Cristina Nascimento, coordenadora executiva da Articulação Semiárido Brasileiro (ASA) pelo estado do Ceará, afirma: “Trazemos a expressão das mulheres do Semiárido e estamos aqui reafirmando os programas de convivência com o Semiárido, os quintais produtivos, as tecnologias que contribuem efetivamente para a qualidade de vida as mulheres. Precisamos continuar avançando na erradicação da miséria e pobreza com a permanência dos programas de convivência, especialmente os programas de primeira água e segunda água que pautam a segurança alimentar. ”, concluiu.
A agricultora Luciana Pereira da Silva, 30 anos, paraibana como Margarida Alves, veio de Cubati para sua primeira Marcha das Margaridas. Ela que produzia com uso de agrotóxicos e sentia seus efeitos na saúde, passou a produzir no próprio quintal a alimentação para a família a partir da conquista de uma cisterna de água para a produção e agora sem o uso de veneno. “A gente tá querendo igualdade entre nós. A igualdade ainda está distante, mas a gente tem que lutar pra isso. A gente tem que lutar contra os preconceitos que tem na nossa sociedade pra que eles não existam mais. Eu e muita gente aqui viemos para que os projetos de convivência com o Semiárido continuem, para que eles não parem. E tem muita gente que já revende no final de semana, a partir do que produz no seu quintal, com água das cisternas”.

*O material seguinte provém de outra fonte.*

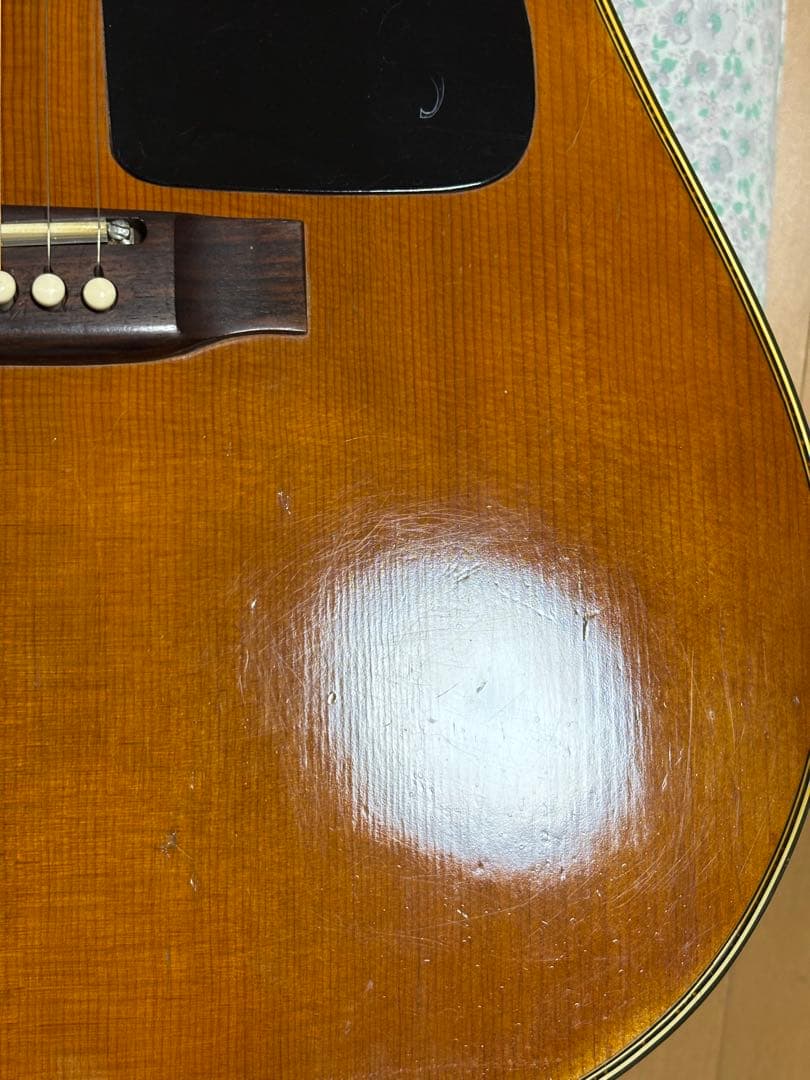 レア！Pearl パールPF-771ジャパンヴィンテージアコギ ADJサドル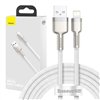 USB cable for Lightning Baseus Cafule, 2.4A, 2m (white)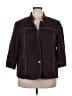Doncaster Sport Solid Brown Blazer Size 20 - photo 1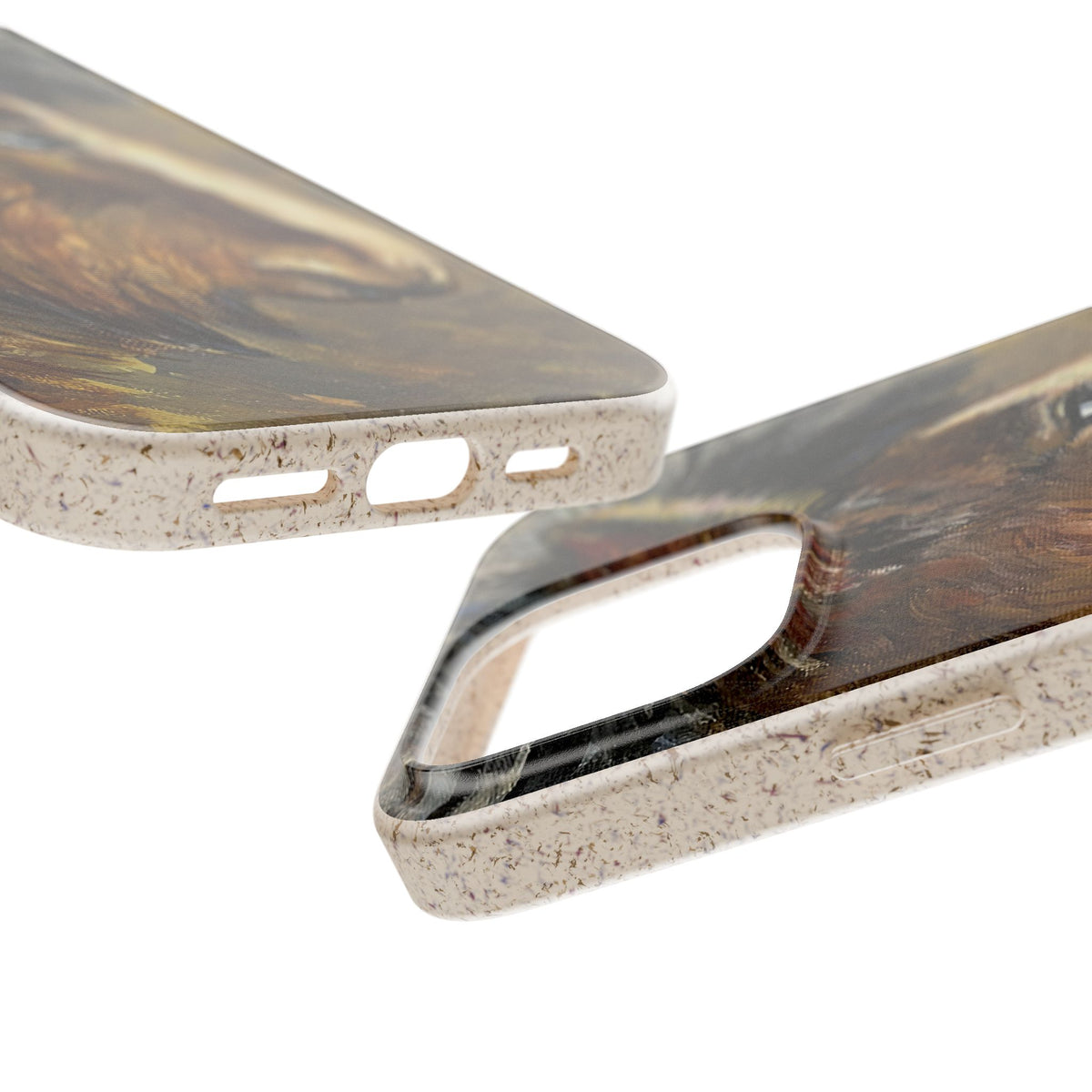 Biodegradable Phone Case — Rustic Horse Portrait by Carrie Barcomb Eco-Friendly iPhone Cover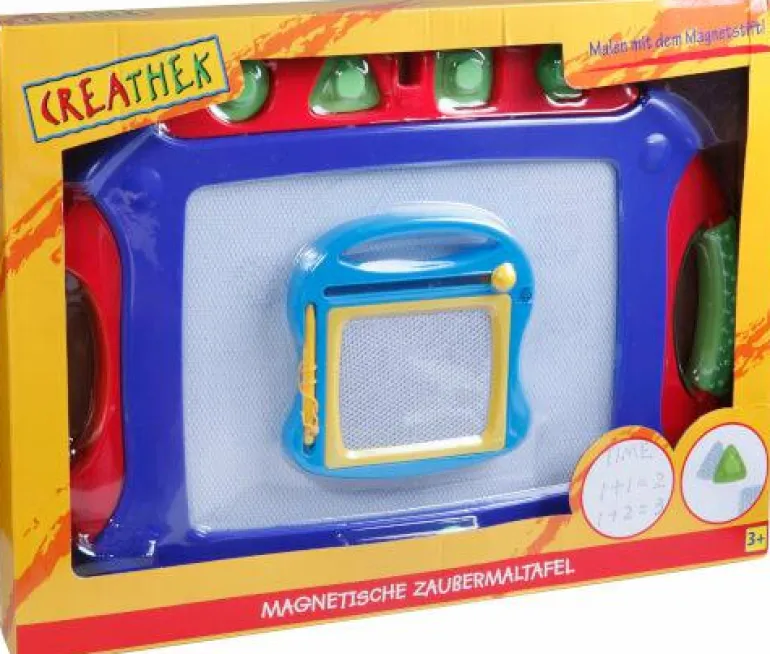 Magnet Maltafel 2 in 1 mit 4 Stempel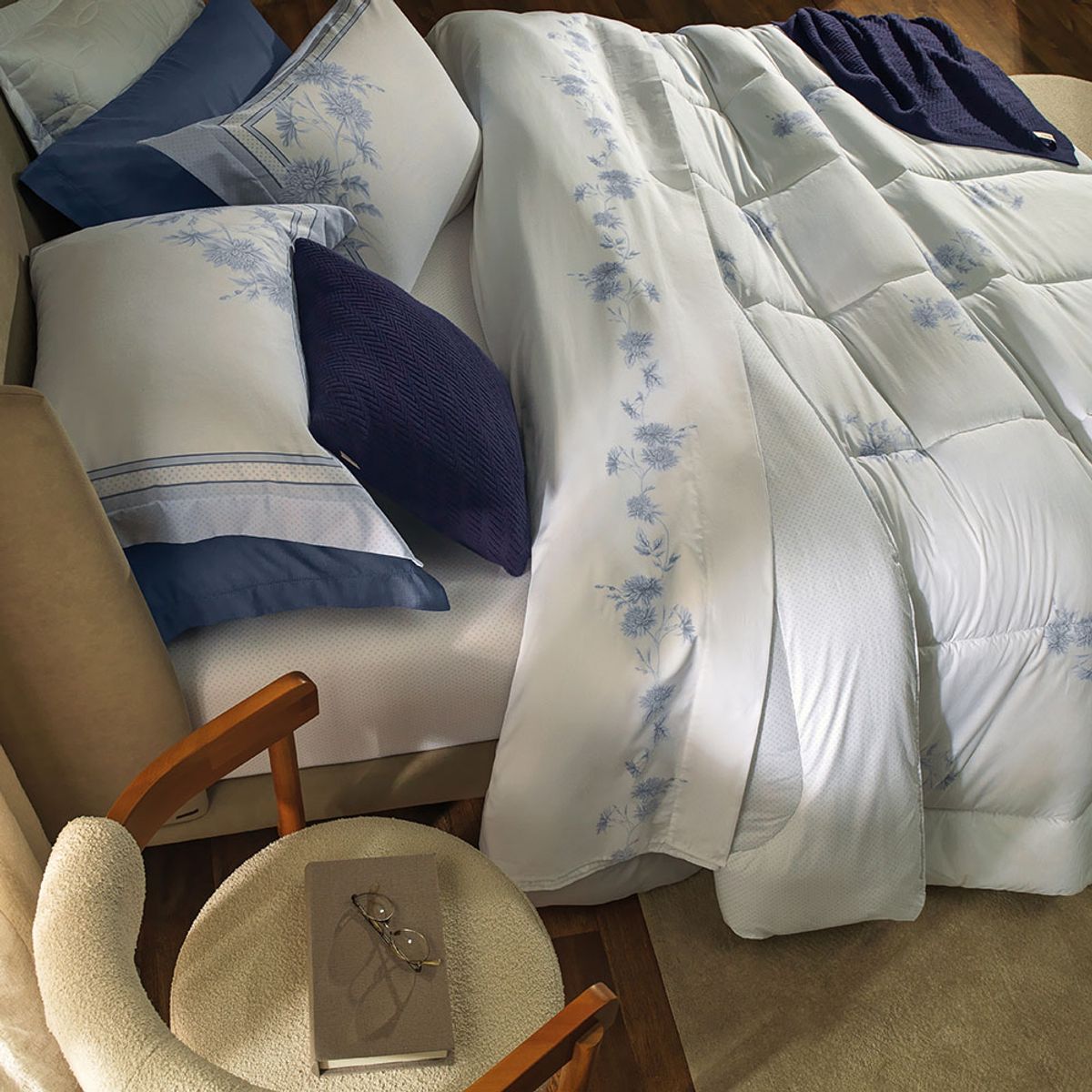 Mavie Double Bed Sheet Set – 200 Thread Count – 100% Combed Cotton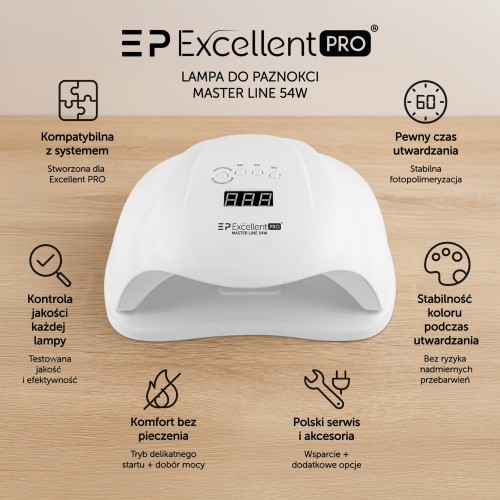 Excellent PRO - Milky Gel Set (6 x żel 15g + Lampa)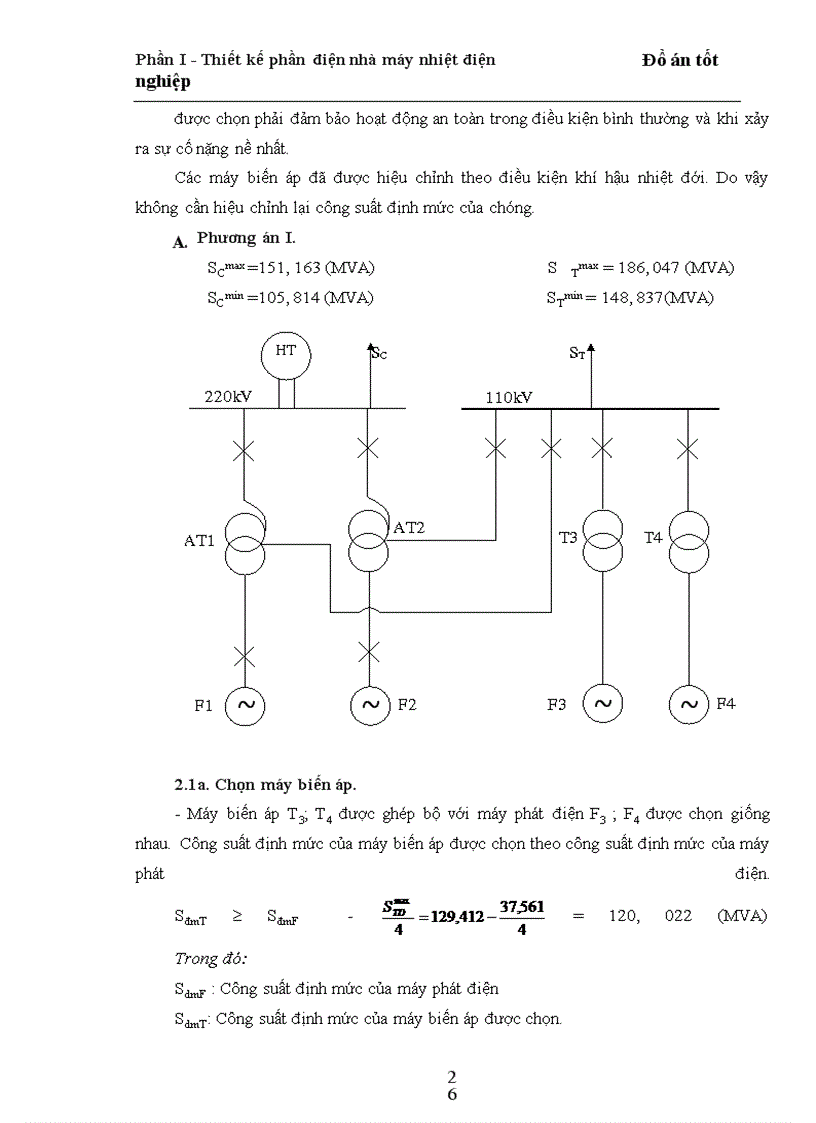 image for page Thiết kế phần điện trong nhà máy nhiệt điện ngưng hơi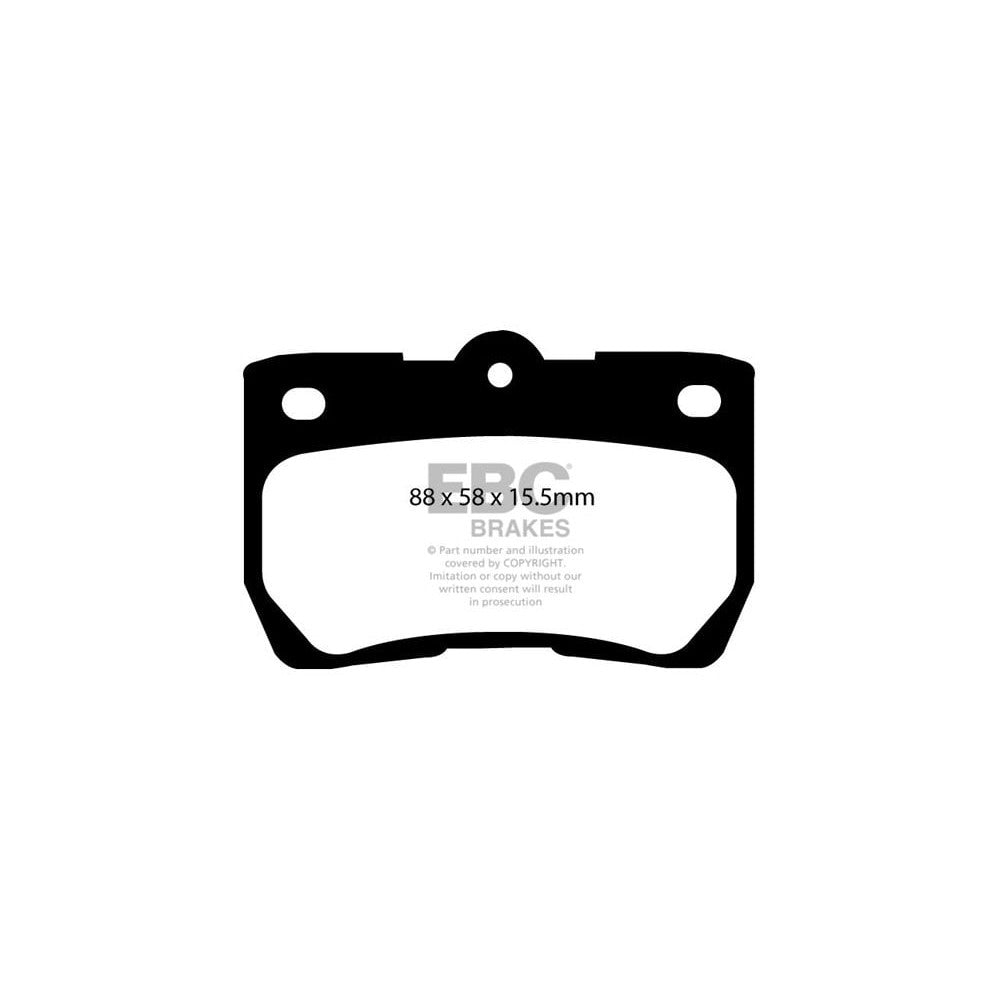 EBC Ultimax Brake Pads 88mm x 58mm DP1586 - Rear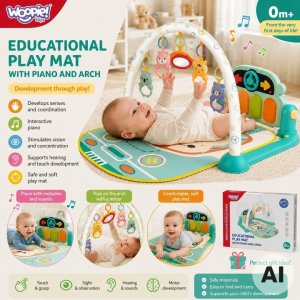 Woopie Baby Interaktywna Mata Edukacyjna z Pianinkiem 10el. Dźwięki (59233) 11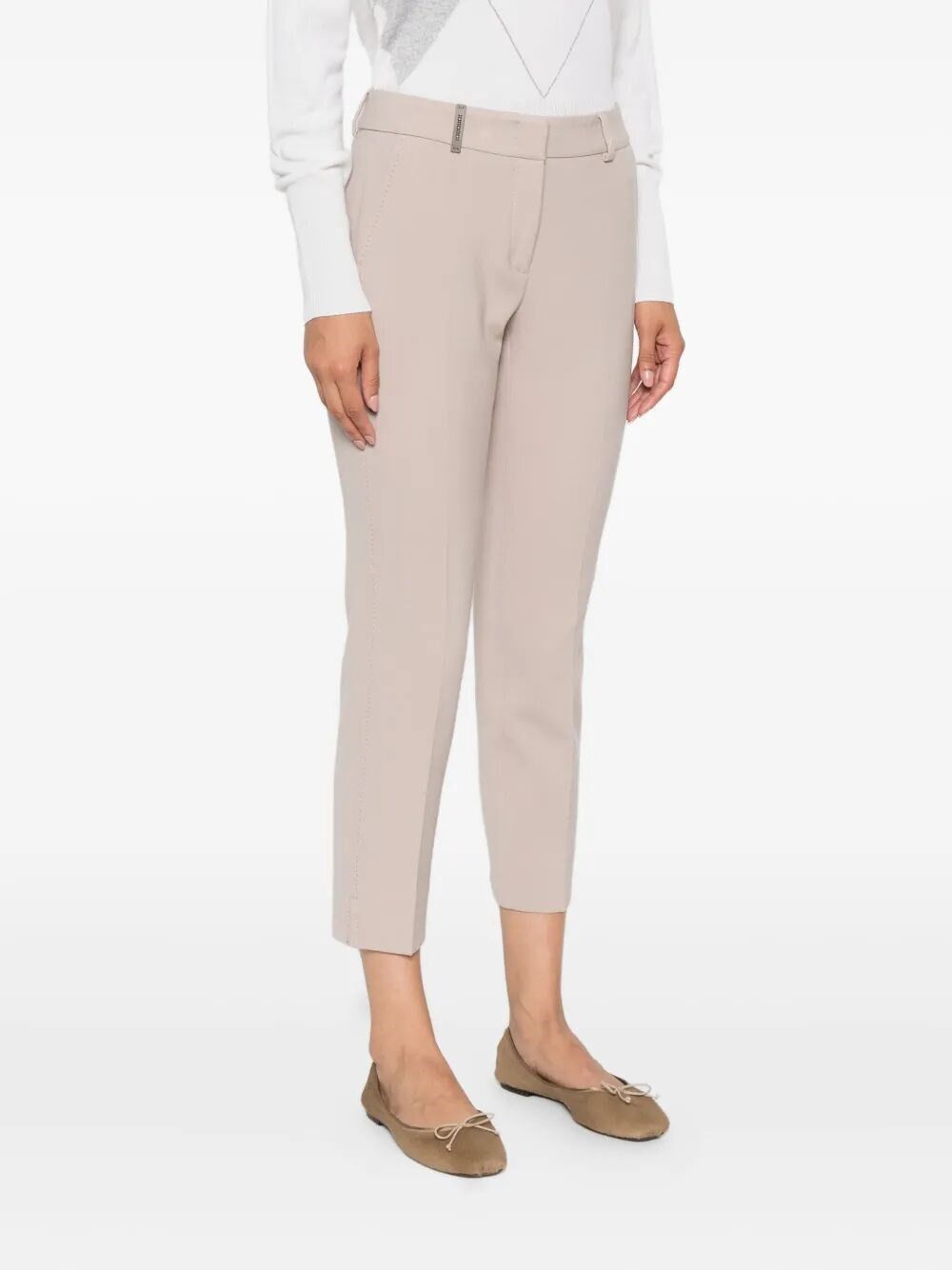 Peserico Pants Size 28" / US 6 / IT 42 - 3 Thumbnail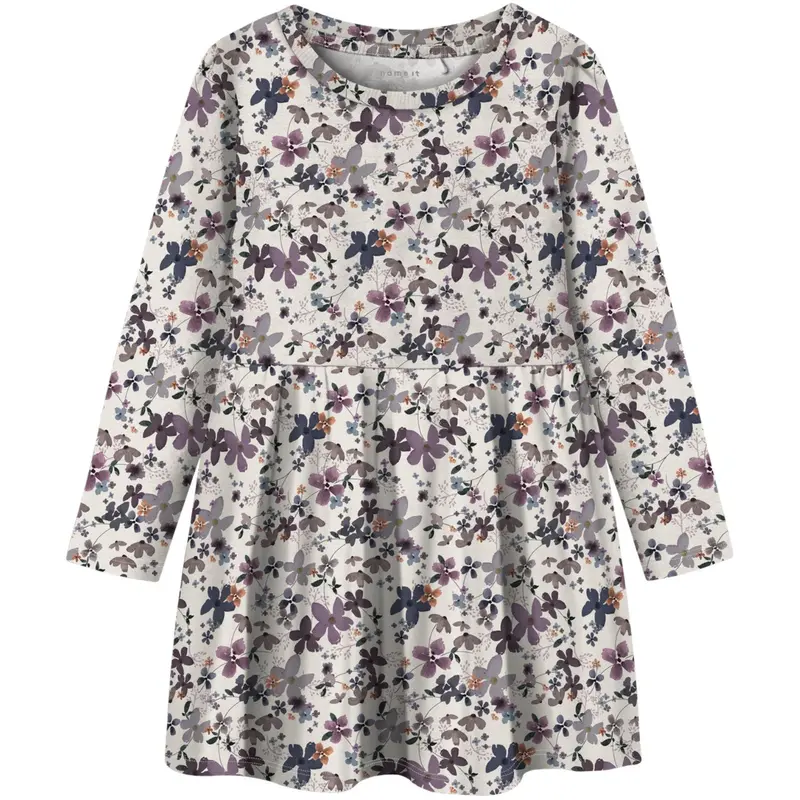 Name It Peyote Melange Nmfnaline Ls Dress 1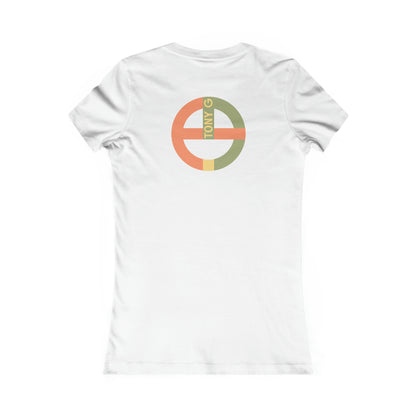 TONY G Women's Favorite Tee, adorned with the TG Logo Vintage #1 Monogram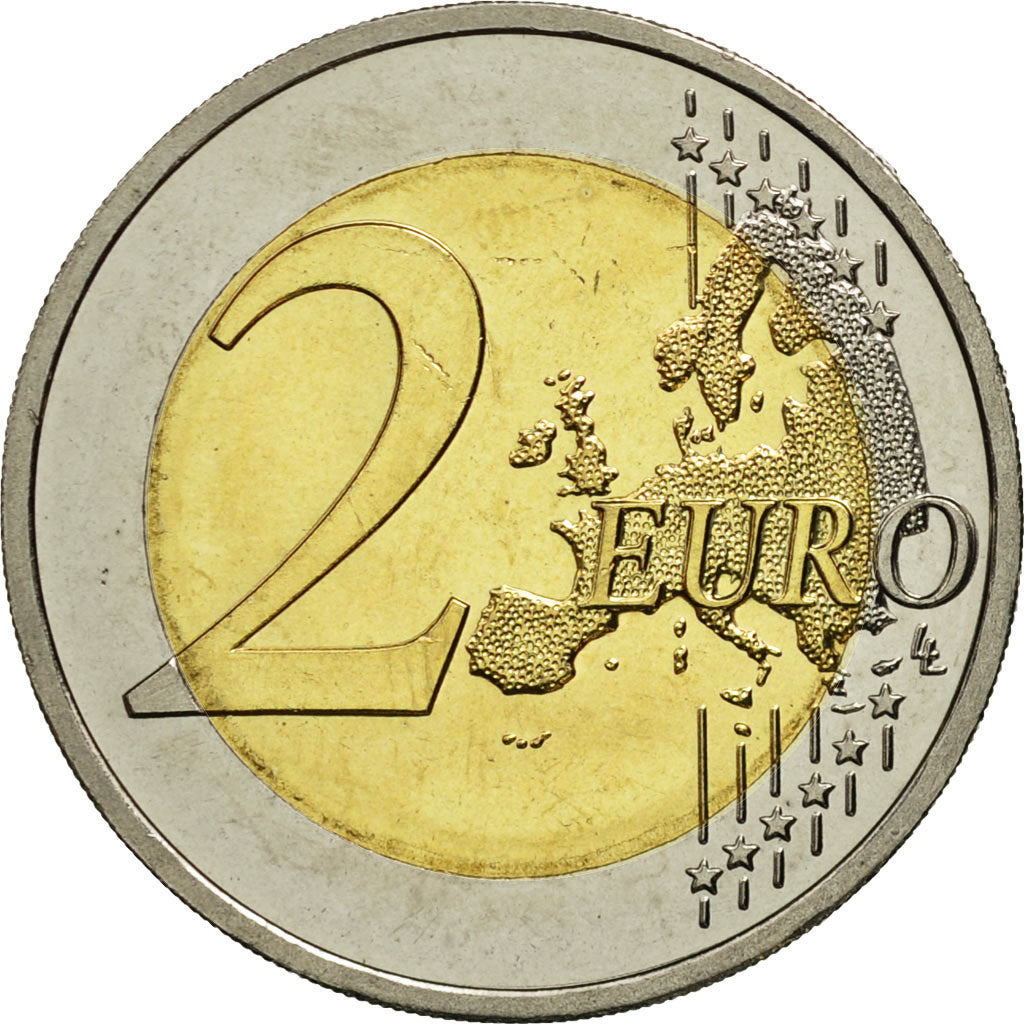 Latvia, 2 Euro, Portrait, 2014, UNZ, Bi-Metallic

A presidenta Dilma Rousseff em seu pronunciamento às Margaridas na tarde desta terça-feira (12) se comprometeu em implementar 100 mil cisternas de captação de água da chuva para o incentivo à produção de alimentos até o final do seu mandato em 2018. Colocou também que irá continuar trabalhando no Programa Nacional de Redução de Agrotóxicos (Pronara) para o incentivo à produção orgânica e agroecológica.
“A marcha é uma chegada e uma partida. Aqui recarregamos as energias, revigoramos nossa esperança e militância e reafirmamos que a rua é o lugar da luta e o lugar de reafirmar nossas bandeiras. Voltamos daqui para as dinâmicas da ASA e essa marcha tem que permanecer latente. A gente volta com esse desafio da marcha continuar nos nossos estados, nas nossas comunidades”, afirmou Cristina.
A Marcha das Margaridas também teve o desafio de acontecer em um contexto social de político e fortalecimento do conservadorismo, do fundamentalismo e machismo na sociedade brasileira e nas instâncias de poder como o Congresso Nacional que avança contra os direitos e as políticas historicamente conquistadas por trabalhadoras e trabalhadores do campo e da cidade, a Marcha, nesse sentido, também se configura como espaço de unidade das mulheres rurais e do conjunto da classe trabalhadora e da construção de um país soberano e igualitário entre homens e mulheres.
“Até que todas sejamos livres nós temos que estar em Marcha”, reafirma Beth Cardoso. E pontua: “tivemos muita conquistas, mas ainda precisamos caminhar mais”.